Home | News    Friday 21 August 2020

Sudan’s civilian govt negotiating peace with rebels not military: Hamdok


August 21, 2020 (KHARTOUM) - Sudanese Prime Minister Abdallah Hamdok stressed that the civilian government drew up the peace plan and negotiated with the armed movements despite the leadership of the negotiating teams by the military component of the transitional authority.

In a radio talk show on Friday that lasted for more than an hour, aired by all public and private stations, Hamdok strongly denied the absence of the civilian government from the Juba mediated peace process.

He said he is aware of all the steps that are taking place in the peace process stressing he is "present in everything".

Also, he said he is in contact with all the leaders of the armed movements participating in the negotiations and those who are not like Abdelaziz al-Hilu and Abdel Wahid al-Nur. He referred to his visit to Kauda, the stronghold of the SPLM-N al-Hilu, and his meeting in Paris with al-Nur.

During his interview on Friday morning, Hamdok did not refer to the withdrawal of the SPLM-N al-Hilu from the negotiations in protest against the leadership of the government negotiating delegation by Mohamed Hamdan Dagalo "Hemedti".

However, his statements at this time can be perceived as a direct response to the rebel demand to withdraw Hemetti from the talks.

The SPLM-N al-Hilu says that the Rapid Support Forces (SRF), led by Hemedti, responsible for crimes in various parts of Sudan, and therefore he was not qualified to lead the government negotiating delegation.

As a result, the mediation suspended the talks saying they want to consult with the head of the rebel group al-Hilu, who is currently not present at the venue of the peace talks.

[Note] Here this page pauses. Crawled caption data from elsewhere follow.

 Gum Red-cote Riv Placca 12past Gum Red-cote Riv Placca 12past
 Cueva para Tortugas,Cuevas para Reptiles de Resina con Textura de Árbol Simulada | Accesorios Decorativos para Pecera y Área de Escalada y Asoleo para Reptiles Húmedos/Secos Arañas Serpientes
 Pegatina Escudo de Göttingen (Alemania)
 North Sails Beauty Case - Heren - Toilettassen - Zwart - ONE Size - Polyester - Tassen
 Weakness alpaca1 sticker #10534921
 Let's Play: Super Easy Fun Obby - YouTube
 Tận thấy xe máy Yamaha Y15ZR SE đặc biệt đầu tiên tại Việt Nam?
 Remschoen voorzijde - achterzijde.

The Sudanese Prime Minister said that the transitional authority has two components: civilian and military, but remains one government, not two. Also, the structure of the peace process that takes place in Juba has designed up by the Council of Ministers.

"The five axes on which the negotiations are based — the socio-economic development, governance and administration, justice and laws, humanitarian aid and security arrangements — are all prepared by the Council of Ministers and each axis is headed by a minister."

He added that the members of the government negotiating delegation were chosen by the executive body and that they are actually negotiating with the armed movements and not the military chief that leads the delegation. In addition to the participation of the Forces of Freedom and Change and Sudanese experts.

Hamdok disclosed that initially, they wanted the process to be conducted through the five axes identified by the government and gather all the armed groups at the same negotiating table to addressing the roots of the Sudanese crisis.

"We thought that the peace process would take place through axes, not (regional) tracks, but as a result of the historical legacy of the armed struggle movements that have made very large contributions to change and bring down the regime, the talks are now based on tracks and not axes. All these tracks follow the same axes."

He added that the existence of these different tracks contributed to prolonging the negotiations to more than six months, as agreed because the same issues are discussed in each track separately.

At the beginning of the radio interview, the Sudanese Prime Minister had spoken at length about the importance of the civil-military alliance to complete the tasks of the transitional phase and achieve democratic transition in Sudan.

He said that the Sudanese army has a historical and remarkable role in popular revolutions against authoritarian regimes through its decisive support to the popular will and is contributions to the transitional period.